Every one I've ever seen has been custom-made/home-made. Unless you're playing on the floor somewhere or you have a smoke fountain or something hiding in it, they always seem kinda silly to me. We jokingly call them "ego boxes".


----------



## buriedoutback (Aug 31, 2018)

any time i remember seeing them used, they looked pretty diy to me. painted wooden box, some with lights wired inside it. you can use the box to store gear for traveling, then flip it upside down for use as a riser. shouldn't be too difficult to make one pretty cheap with some led strips, etc.


----------



## erdiablo666 (Aug 31, 2018)

I've seen some out here in the hardware stores. It's what drywallers and tapers use to work on when they need extra height to reach a ceiling for example. I don't know the official name for them though...

When I say Whitechapel I swear Ben Savage was using one of them from the hardware store.


----------



## IGC (Sep 1, 2018)

Wanna say upside down shopping cart with un needed stuff cut off add lights etc


----------



## lewis (Sep 2, 2018)

GunpointMetal said:


> Every one I've ever seen has been custom-made/home-made. Unless you're playing on the floor somewhere or you have a smoke fountain or something hiding in it, they always seem kinda silly to me. We jokingly call them "ego boxes".


an absolute slew of venues ive played and got access too at this early stage in my bands gig life, are stages or designs where risers for vocalists are a necessity rather than an ego thing.

Otherwise you just wont see them properly from the crowd area. My most used local venue, has metal fencing all around the stage. Without risers, people at the back at the bar just wont see the band.


----------



## cip 123 (Sep 2, 2018)

Easy

Hardware case and paint your band logo on it. 

I saw Uneven Structure last year they took their amp Cases etc and just put them on the front of the stage, guitarist used it all night. Singer had one too, though he jumped off at the end of the set and dislocated his knee...Killer set though


----------



## indreku (Sep 5, 2018)

We(Read I) built them ourselves and we use them in 2 ways as stage accessories and for hauling gear, but there are companies out there doing them. We call them ego boosters.


----------



## lewis (Sep 5, 2018)

cip 123 said:


> Easy
> 
> Hardware case and paint your band logo on it.
> 
> I saw Uneven Structure last year they took their amp Cases etc and just put them on the front of the stage, guitarist used it all night.

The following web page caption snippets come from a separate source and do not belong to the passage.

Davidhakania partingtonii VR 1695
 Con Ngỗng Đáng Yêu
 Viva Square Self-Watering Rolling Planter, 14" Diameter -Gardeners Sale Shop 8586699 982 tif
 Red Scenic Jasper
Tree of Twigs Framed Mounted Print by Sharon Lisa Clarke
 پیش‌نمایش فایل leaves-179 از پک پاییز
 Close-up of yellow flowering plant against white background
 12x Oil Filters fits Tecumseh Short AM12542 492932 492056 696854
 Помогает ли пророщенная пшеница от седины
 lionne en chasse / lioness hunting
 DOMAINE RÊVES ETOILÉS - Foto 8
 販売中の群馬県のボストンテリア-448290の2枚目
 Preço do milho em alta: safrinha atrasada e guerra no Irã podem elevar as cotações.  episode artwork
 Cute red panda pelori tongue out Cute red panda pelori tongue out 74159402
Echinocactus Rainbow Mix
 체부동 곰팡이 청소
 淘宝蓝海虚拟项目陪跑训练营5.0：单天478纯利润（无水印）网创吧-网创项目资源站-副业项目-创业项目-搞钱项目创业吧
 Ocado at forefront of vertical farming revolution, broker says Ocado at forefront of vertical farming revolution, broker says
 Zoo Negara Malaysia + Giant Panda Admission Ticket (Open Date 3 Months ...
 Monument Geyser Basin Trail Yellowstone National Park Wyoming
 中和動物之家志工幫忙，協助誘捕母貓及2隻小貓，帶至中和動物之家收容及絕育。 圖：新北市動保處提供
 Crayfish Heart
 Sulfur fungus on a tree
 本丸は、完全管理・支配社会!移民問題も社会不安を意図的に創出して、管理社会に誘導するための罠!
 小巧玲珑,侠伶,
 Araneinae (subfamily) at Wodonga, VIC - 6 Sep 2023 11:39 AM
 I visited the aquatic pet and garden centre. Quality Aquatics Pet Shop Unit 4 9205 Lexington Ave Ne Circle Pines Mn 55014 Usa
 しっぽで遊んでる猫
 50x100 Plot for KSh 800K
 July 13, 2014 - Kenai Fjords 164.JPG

Singer had one too, though he jumped off at the end of the set and dislocated his knee...Killer set though


would be great if it were not for the fact we dont use amp heads haha.
Ive got an Ax8 and the other guitarist has an Axe FX II XL


----------



## cip 123 (Sep 5, 2018)

lewis said:


> would be great if it were not for the fact we dont use amp heads haha.
> Ive got an Ax8 and the other guitarist has an Axe FX II XL


Worth looking in to anyway, provides storage for anything else you want.

There are lots of similar cases not just for amp heads, a look around might provide something useful.

Seems better than having a purpose built riser you can't use for anything else imo.


----------



## lewis (Sep 5, 2018)

cip 123 said:


> Worth looking in to anyway, provides storage for anything else you want.
> 
> There are lots of similar cases not just for amp heads, a look around might provide something useful.
> 
> Seems better than having a purpose built riser you can't use for anything else imo.


and the flight case style cases are defo strong enough to withhold peoples weight?

Interesting. May hit up ebay for some second hand ones if so


----------



## GunpointMetal (Sep 5, 2018)

lewis said:


> and the flight case style cases are defo strong enough to withhold peoples weight?


The Dillinger Escape Plan had been flying off them for years.


----------



## lewis (Sep 5, 2018)

looking into this more, ive decided to build my own.


----------



## lewis (Sep 5, 2018)

will add pics of it finished in here, when it is.


----------



## TonyFlyingSquirrel (Sep 7, 2018)

I believe, these are what you're looking for...
https://southsidestory.ca/2016/07/this-day-in-history-july-19-1977-kiss-love-gun-tour/


----------



## lewis (Sep 7, 2018)

TonyFlyingSquirrel said:


> I believe, these are what you're looking for...
> https://southsidestory.ca/2016/07/this-day-in-history-july-19-1977-kiss-love-gun-tour/


----------